SEBI Member Hails Consensus on UPA and NDA Economic Policies.
India Blooms News Service, February 21, 2017
Kolkata, Feb 21 (IBNS) There is a need to celebrate the broad consensus emerging as far as economic policies of previous UPA government and the current government are concerned, a top SEBI official said at an ASSOCHAM event held in Kolkata Tuesday.
As the government is going to be more and more oriented towards fiscal rectitude, we talked a lot about political lack of homogeneity in thoughts, the previous government of UPA left with a fiscal target of 3.2 percent and this government took over with the same fiscal target in mind,” said whole-time member of the Securities and Exchange Board of India (SEBI) G. Mahalingam said while addressing an ASSOCHAM conference on Bond Market.

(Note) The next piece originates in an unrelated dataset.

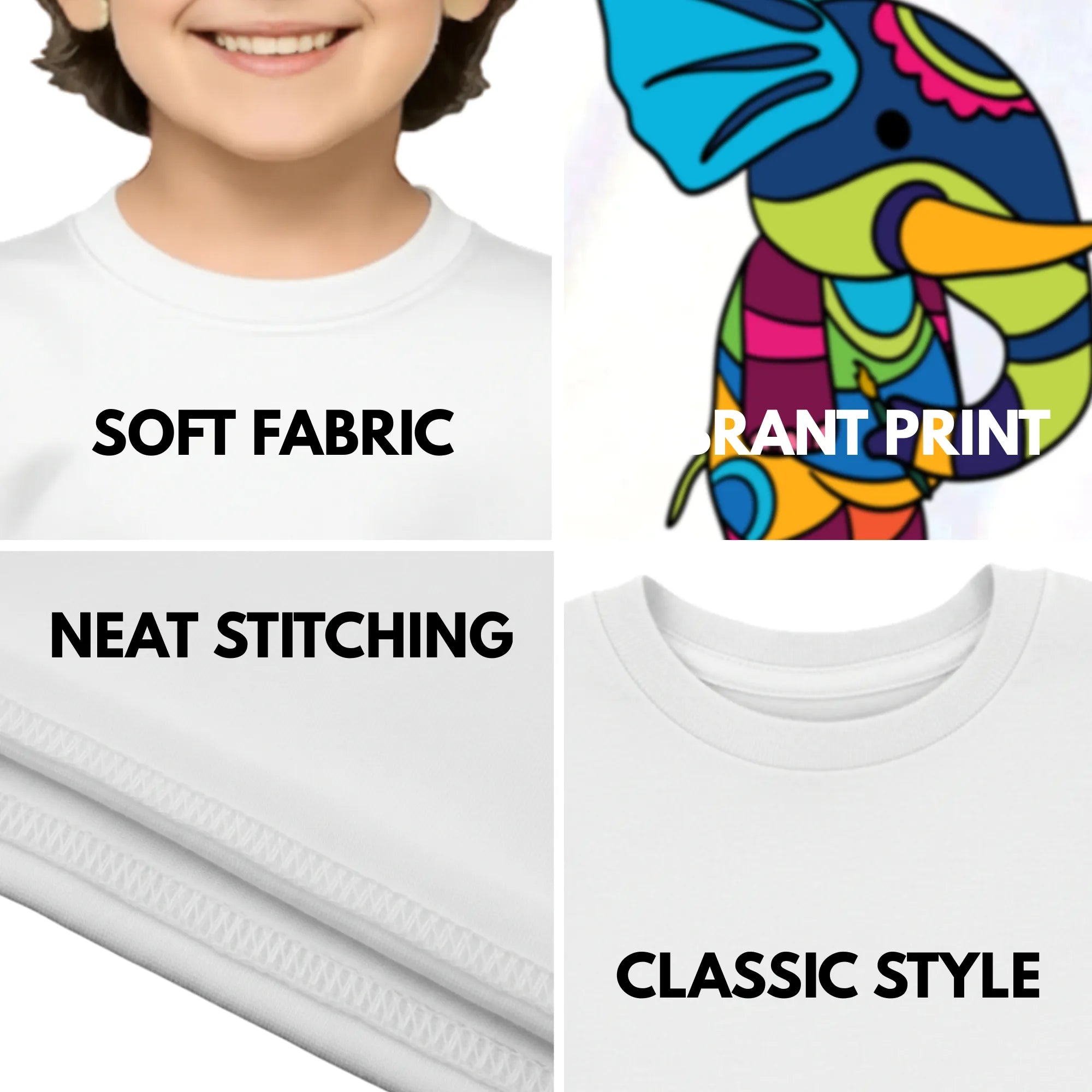 Feature highlights of PaintzStories artistic kids t-shirt featuring PS(PaintzStories) Animals artwork with colourful illustration, premium cotton comfort, creative kids fashion, and artwork on tshirt.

“So despite all the difference of opinion on political horizon, the good thing that we need to celebrate in the country is as far as economic things are concerned, there is a broad consensus emerging and that is what is demonstrated by the fact that even this year’s current budget is swearing by 3.2 percent as fiscal target with three percent being reached in the immediate horizon,” said Mahalingam.
He added that in such a scenario the government borrowing program is going to come down and the space is going to be taken over by corporate bonds and commensurate with that the Reserve Bank of India (RBI) is reducing both SLR (statutory liquidity ratio) and held to maturity portfolio of the overall portfolio of banks.

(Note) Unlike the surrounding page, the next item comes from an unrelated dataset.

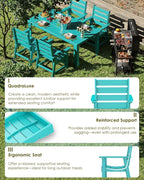GREENVINES Outdoor Dining Chair | HDPE | Patio Chairs | All-Weather | Aqua - Image 3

“All this is going to augur very well for the corporate bond market,” said Mahalingam.
He informed that in the current year, the amount of bonds that have been raised is actually surpassing the bank credit. “This is something which is happening perhaps the first time in the history of the country that slowly and steadily the bond market is growing and perhaps none of us is aware that it is growing.”
He said that today the bond market is developing not simply only on its own legs but also because the government has yielded a lot of space to the bonds.

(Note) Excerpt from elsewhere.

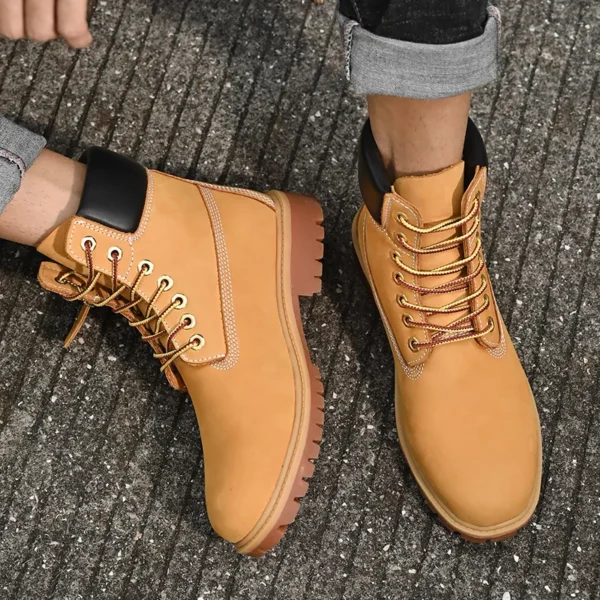 Boots Men High Top Boots Men's Leather Shoes Winter Fashion Plush Warm Shoes Outdoor Sneakers Lace Up Non-Slip Ankle Boots Male 3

“The government is borrowing around Rs 5.80 lakh crores, just about a couple of years back. Looking at the current budget, the government is budgeting to borrow just about Rs 3.48 lakh crores, where does this Rs 2 lakh crore space get filled up, this is where the corporate bond market has to play a very important role,” said the whole-time member of India’s capital markets regulator.
He said the reason for this is that people generally think growth in the bond market is associated with secondary market trading and unless it is vibrant nobody recognizes this market at all.
Stressing upon the need to look at ways of developing secondary market trading, Mahalingam said, “While on tone hand we have been successful in the primary market, we have not been so successful in the secondary market that we need to really put our minds together and do something about it.”
He said that though a lot of ecosystems have been developed in the country, they have not gone the full distance. “We still have to cover a little bit of distance where a person should be able to get a government bond with just about five minutes notice, unfortunately, that is not happening and once it happens, perhaps we can think of the next is corporate bonds availability which will become as simple as a government bond.”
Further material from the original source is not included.